I remember the chill of the water as I stood there, waist-deep in the pool while our kids splashed around us, wishing there was a way to not answer her question. To be fair, I had asked her the same one just a few moments before. I’m always tremendously interested in where people go to church (and almost everyone here in the Mid-South goes to church, I’ve found), what doctrines they subscribe to, and whether or not they love their church. If I’m being completely honest here, part of me is also always looking for the “right” church. My question is always meant to do two things: (1) help me assess where a person stands in relation to the church, and (2) potentially help me in my own church search.

I took a breath and answered her.

“We don’t really have a church,” I said. “We’re sort of visiting a church, but we’re not members anywhere.”

I saw her eyes widen, her mouth form a round shape that expressed surprise. Lest she feel pressured to come up with some kind of “appropriate” response, I launched into my usual “My family is very interdenominational and my husband was an MK, so we just haven’t found a church that’s a good fit for us” speech. As if that explains why I’m not at home in any church building these days.

I used to think I was an evangelical, and maybe I actually was. Or maybe I simply didn’t yet understand enough about church history and politics, about misogyny and complementarianism. Maybe I was young and naive. Maybe I hadn’t been hurt by the church yet. Maybe I still thought of the church as an extension of Jesus, the way Acts 2 describes it.

If you go by the foundational definition, “of, relating to, or being in agreement with the Christian gospel especially as it is presented in the four Gospels,” then sure, of course, definitely I’m an evangelical. But so are my Catholic friends. It’s the other definitions that make me cringe. The “Protestant,” definition. The “of, adhering to, or marked by fundamentalism” definition.

The interdenominational aspect of my faith formation is a factor, that’s true. I was baptized in the Lutheran church at age seven. I spent my high school years in a Church of Christ (where I ignored all the stuff that made no sense to my teen mind, like the ban on instruments during worship and dancing anywhere). I discovered nondenominational evangelicalism with its rock band-style worship and casual atmosphere in my mid-twenties. I’ve spent many a Sunday in the Methodist church of my paternal grandparents and the Presbyterian church of my maternal ones. I’ve been to my share of Catholic masses.

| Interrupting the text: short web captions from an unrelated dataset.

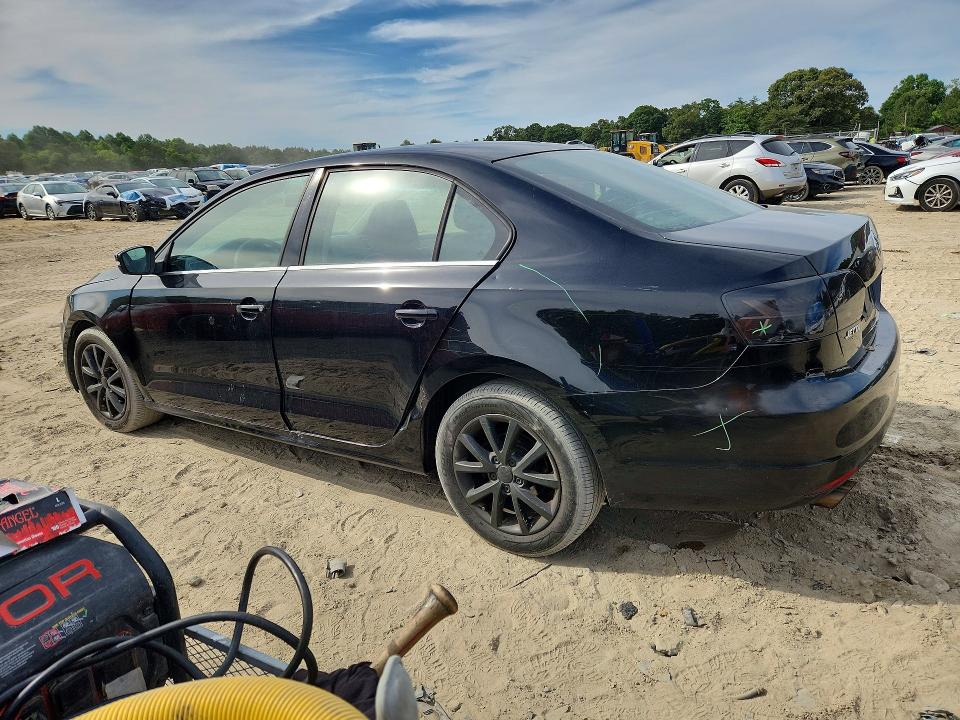 Aukcja sprzedaży 2012 Volkswagen Jetta, vin: 3VW2K7AJ6CM403000, numer aukcji: 56650286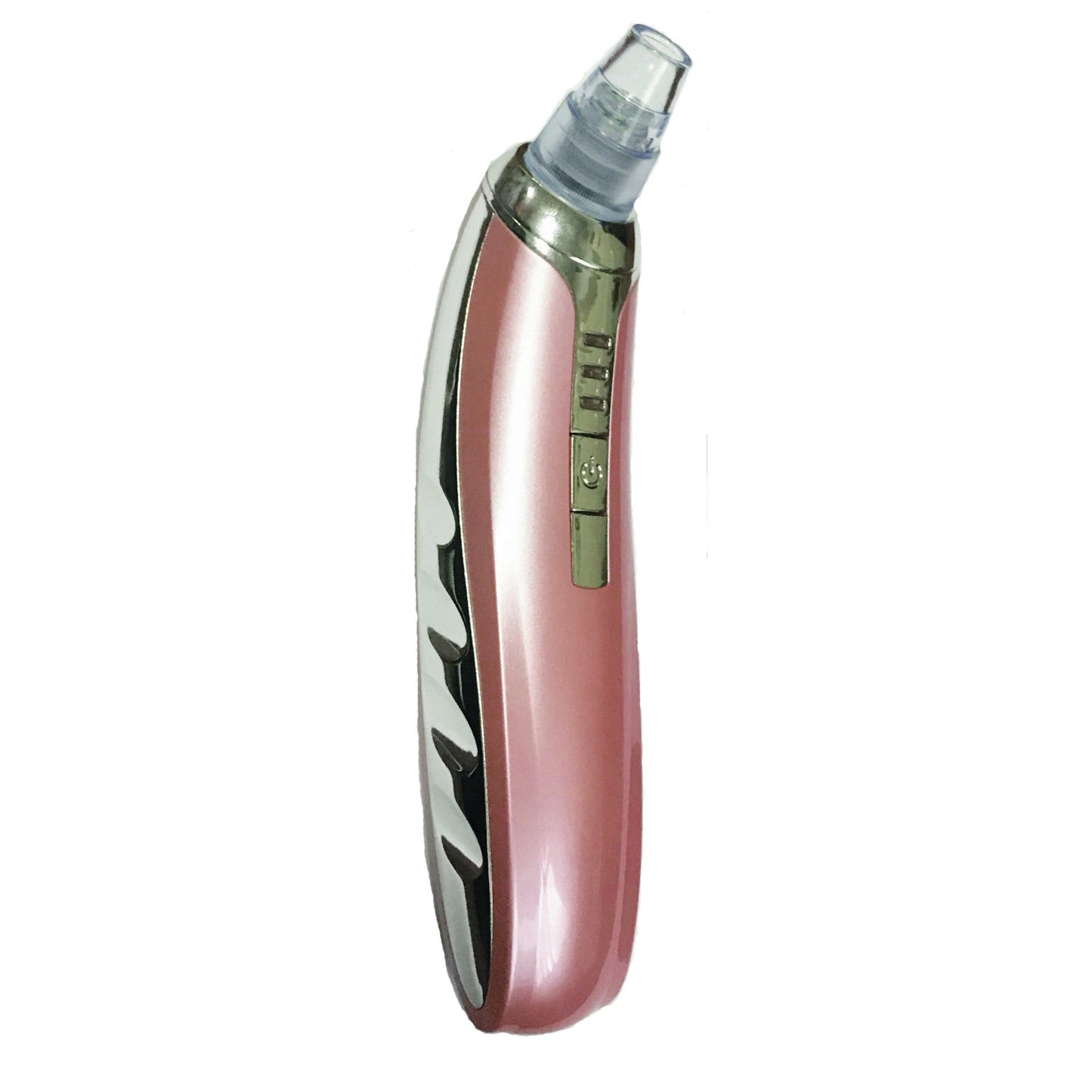 Electric black suction instrument - Light pink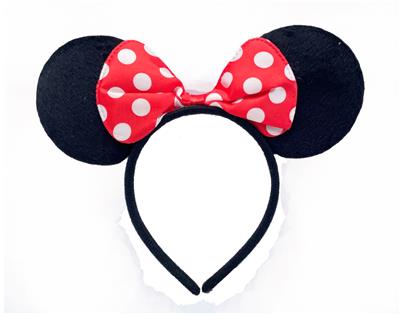 1只装1袋米奇头饰 - OBL10416030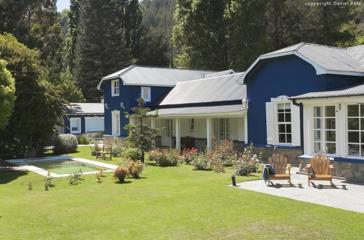 La Casa De Eugenia Fælles Areal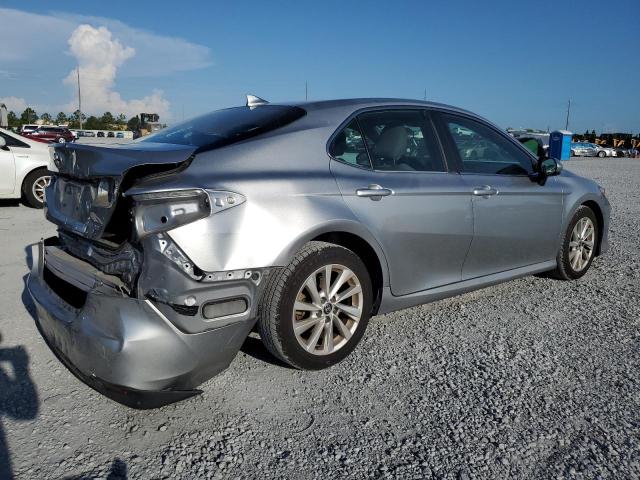 2023 TOYOTA CAMRY LE 4T1C11AK6PU725262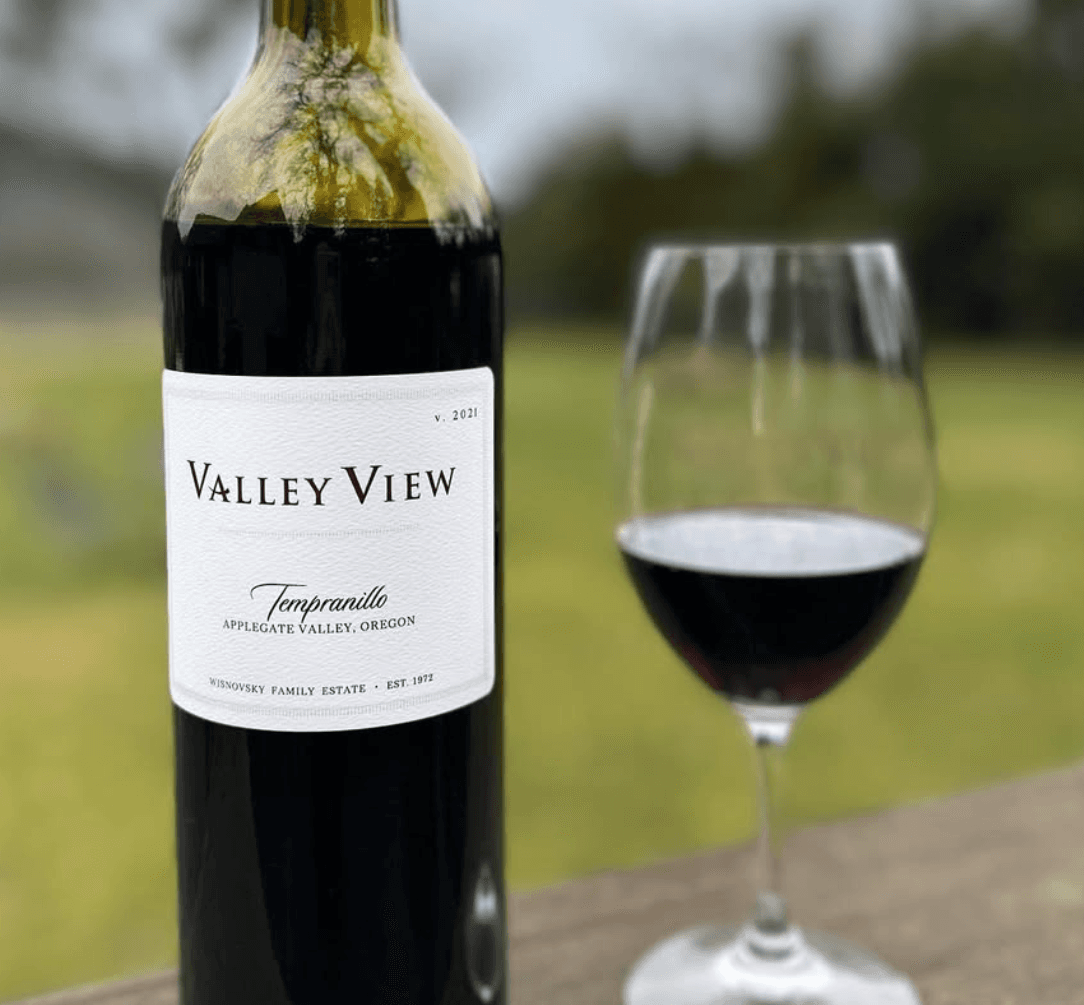 Discover Southern Oregon’s Historic Gem: Valley View Winery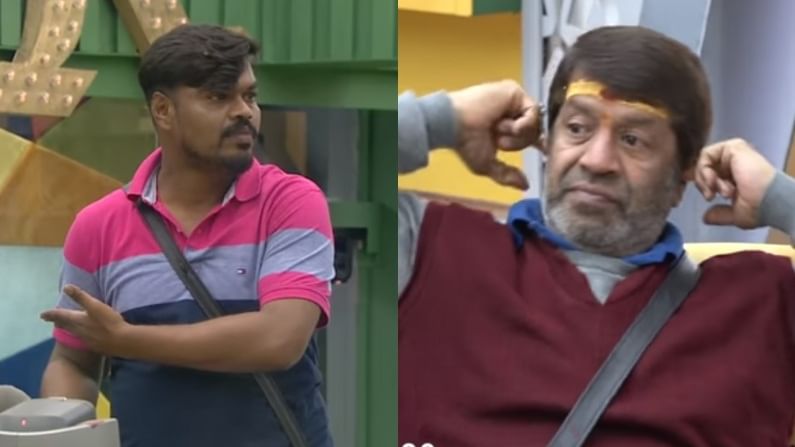 Bigg Boss Kannada: ಈ ಬಾರಿ ಬಿಗ್​ ಬಾಸ್​ ಗೆಲ್ಲುವ ಸ್ಪರ್ಧಿ ಇವರೇ.. ಎಂದು ಭವಿಷ್ಯ ನುಡಿದ ಶಂಕರ್​ ಅಶ್ವತ್ಥ್​!  ಆದರೆ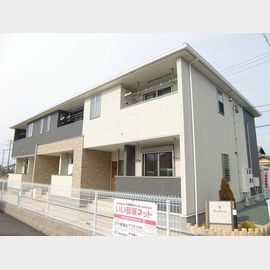 ボヌールの賃貸物件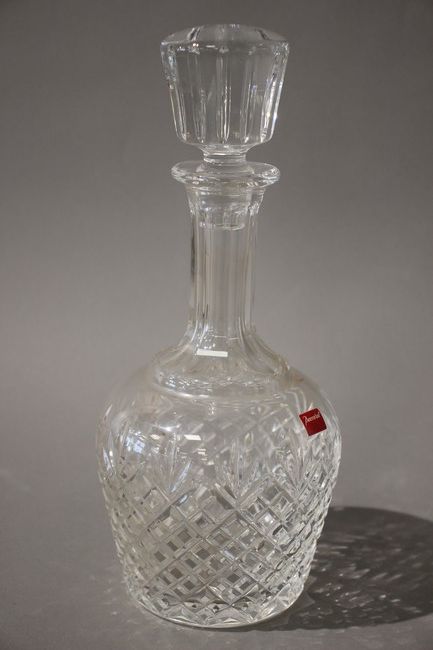 BACCARAT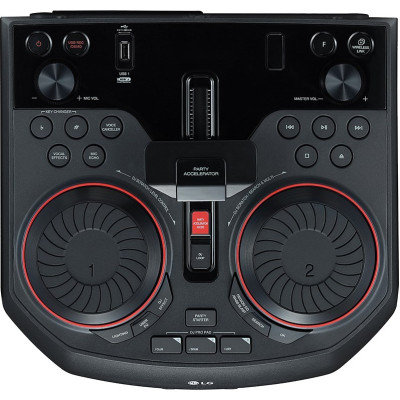 LG OK65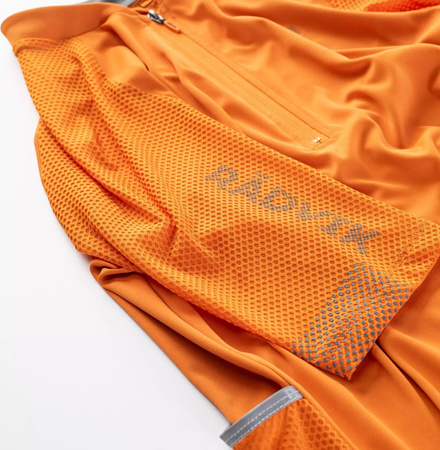 Męska koszulka rowerowa z krótkim rękawem Radvik Steinar Gts rozmiar XXL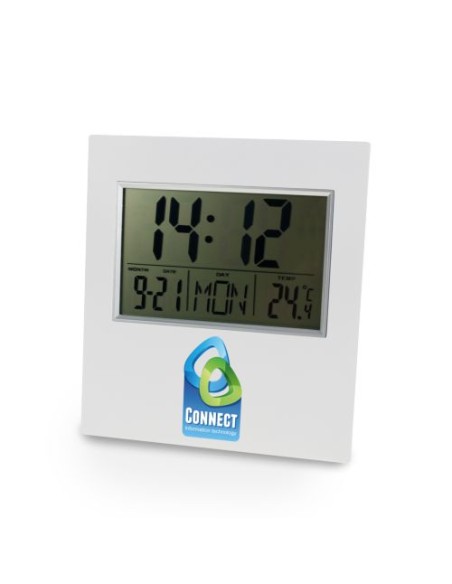 Horae Digital Clock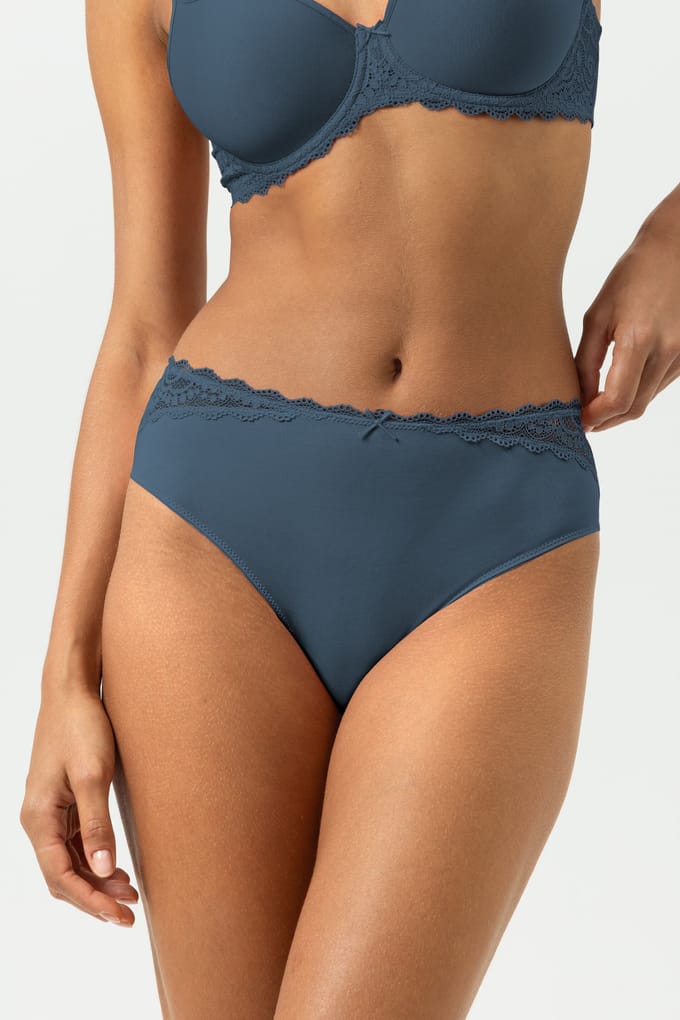 Amerikaanse broek Serie Amorous Inkcloud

Now, the closest I feel to being at home in a church-ish place is in the chapel at St. Columba, an Episcopal retreat center near my home, where I worship with a group of ladies from a variety of churches, mostly Episcopal but also Methodist, Catholic, and Presbyterian. Often, the services are from the Book of Common Prayer, and the words we speak together, in unison, bring me a deep and unexplainable comfort. As time passes, I am drawn more and more to liturgical practices, and away from the evangelicalism that is mostly devoid of them.